WORK ORDER:
Retyping should cover only the lines from the one containing "Porsche Taycan 2021" through the final line of the records, with pictures omitted.

RECORDS TO USE:

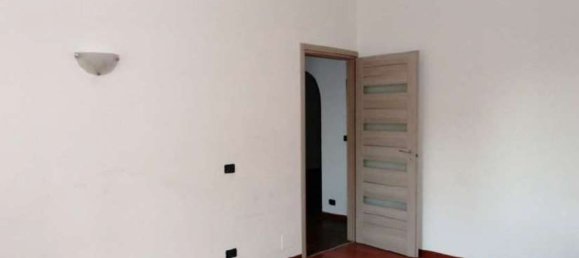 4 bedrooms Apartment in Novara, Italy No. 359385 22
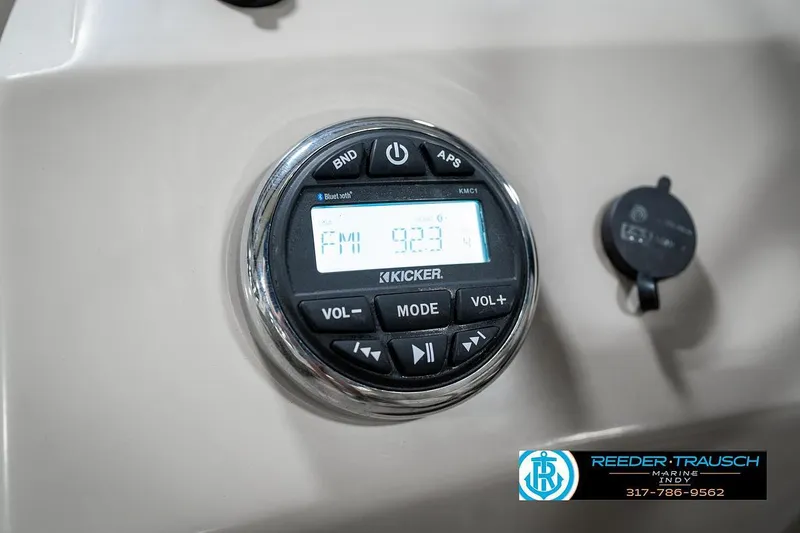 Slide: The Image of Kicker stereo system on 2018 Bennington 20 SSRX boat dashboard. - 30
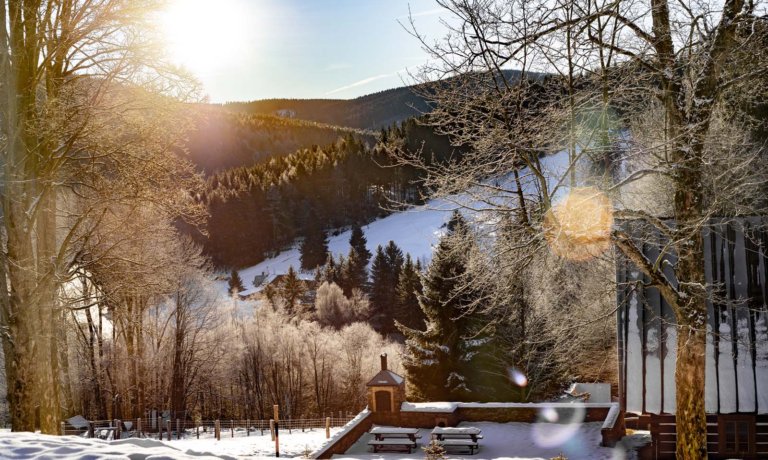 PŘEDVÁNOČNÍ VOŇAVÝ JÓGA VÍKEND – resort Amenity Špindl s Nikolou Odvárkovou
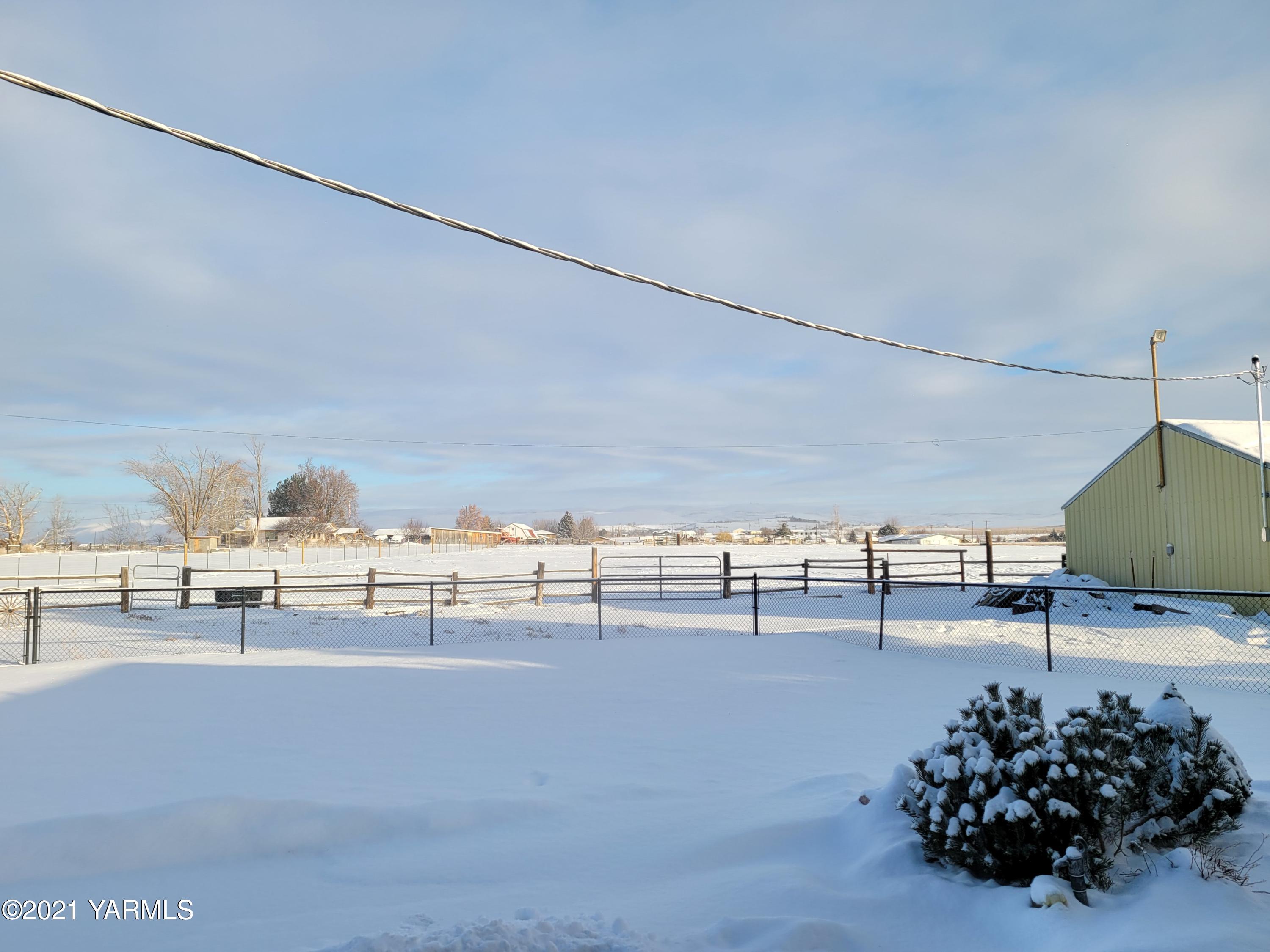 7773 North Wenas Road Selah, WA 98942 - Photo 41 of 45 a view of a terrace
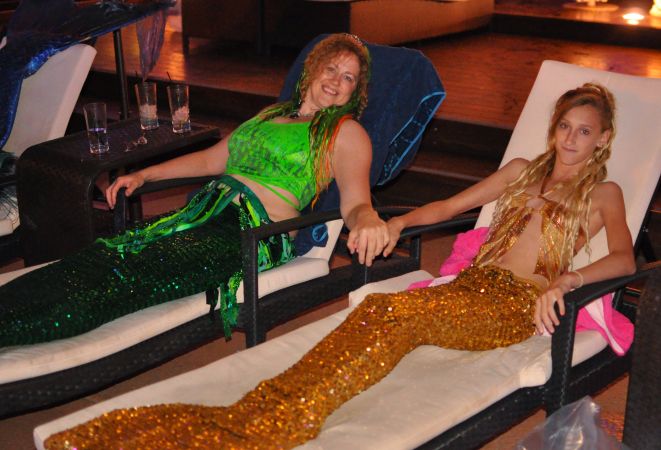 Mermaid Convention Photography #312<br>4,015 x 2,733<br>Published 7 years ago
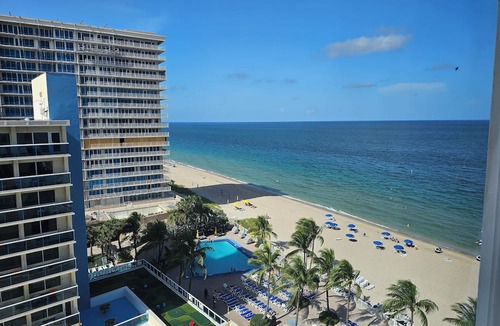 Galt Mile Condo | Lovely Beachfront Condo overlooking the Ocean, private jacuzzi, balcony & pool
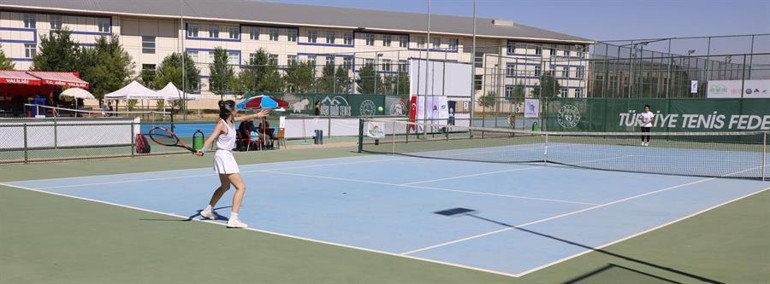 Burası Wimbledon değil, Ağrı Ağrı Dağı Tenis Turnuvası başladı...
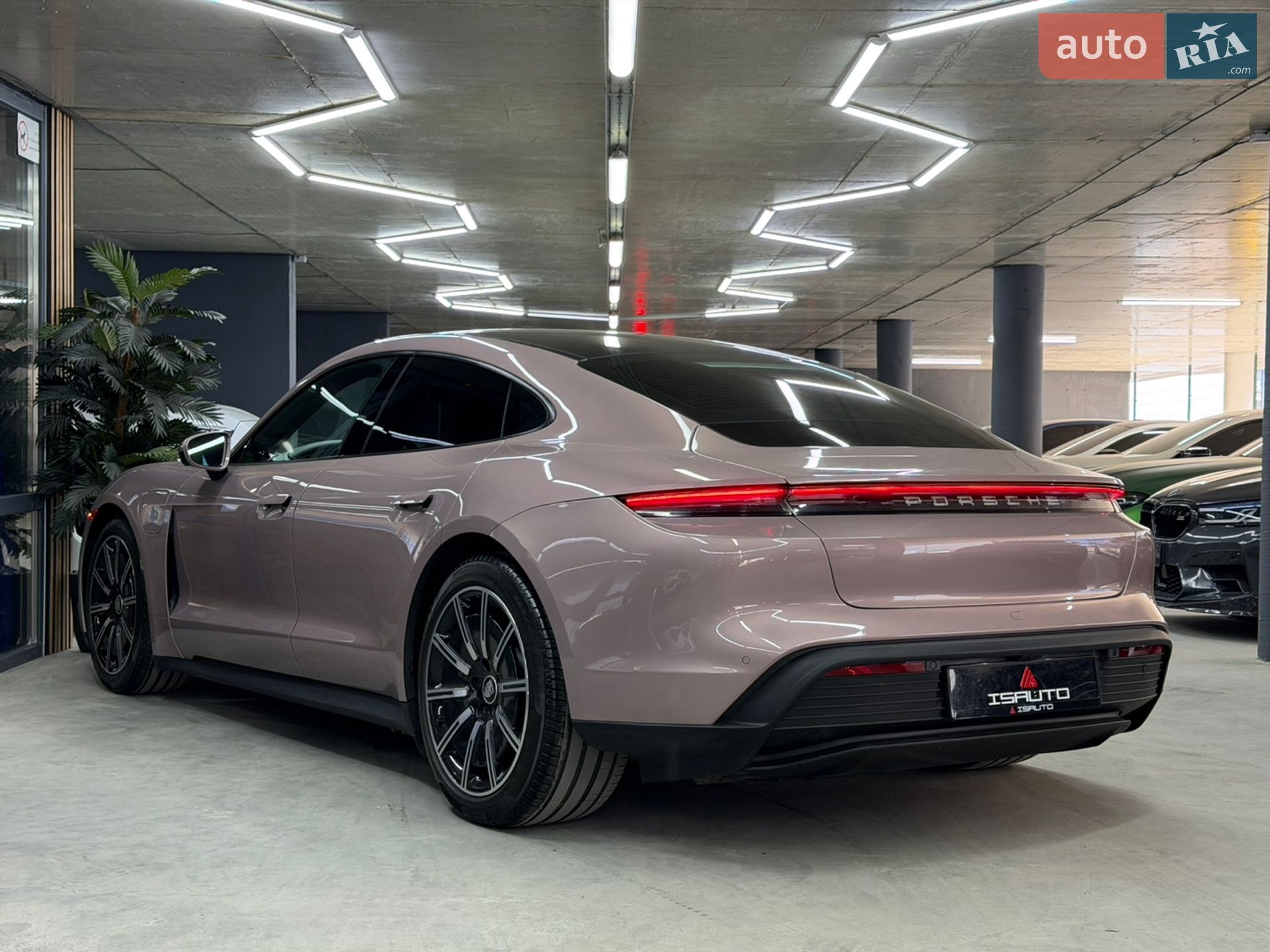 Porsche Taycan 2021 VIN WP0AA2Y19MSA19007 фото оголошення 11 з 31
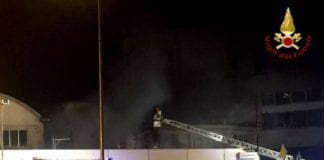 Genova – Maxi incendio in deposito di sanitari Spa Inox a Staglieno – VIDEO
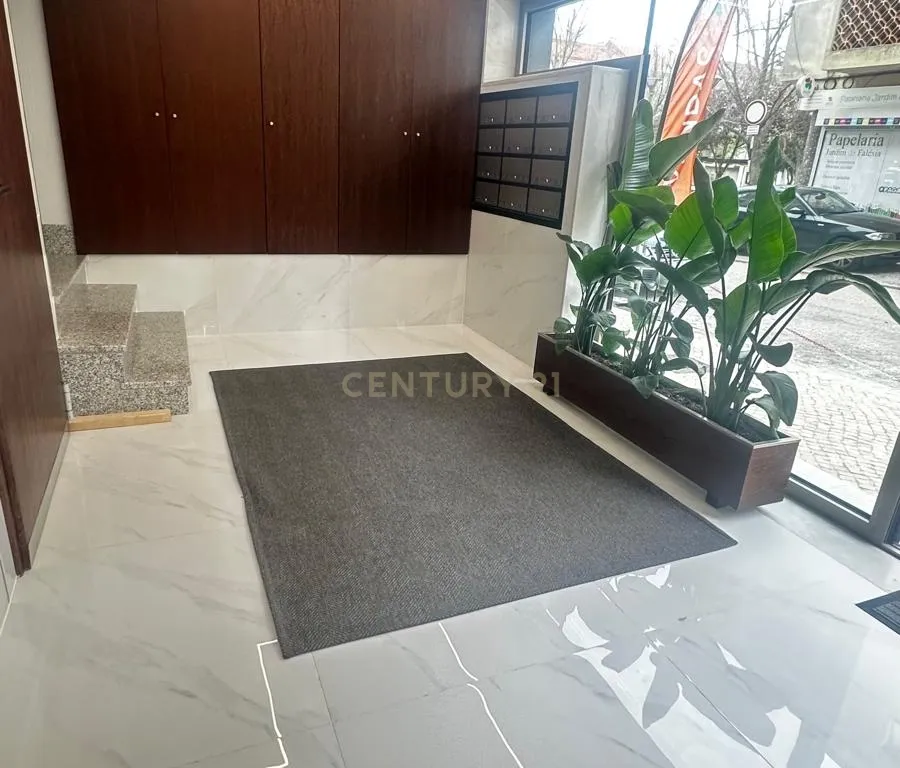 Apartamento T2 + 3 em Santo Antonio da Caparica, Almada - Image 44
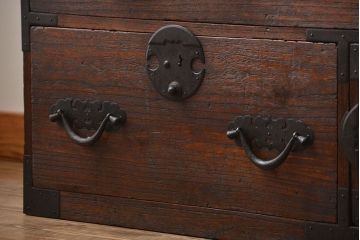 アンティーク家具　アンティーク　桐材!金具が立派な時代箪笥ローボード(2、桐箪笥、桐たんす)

TASK OUTPUT:
 Porsche Taycan 2021 VIN WP0AA2Y19MSA19007 фото оголошення 11 з 31
 Genova – Maxi incendio in deposito di sanitari Spa Inox a Staglieno – VIDEO
 Apartamento T2 + 3 em Santo Antonio da Caparica, Almada - Image 44
 アンティーク家具　アンティーク　桐材!金具が立派な時代箪笥ローボード(2、桐箪笥、桐たんす)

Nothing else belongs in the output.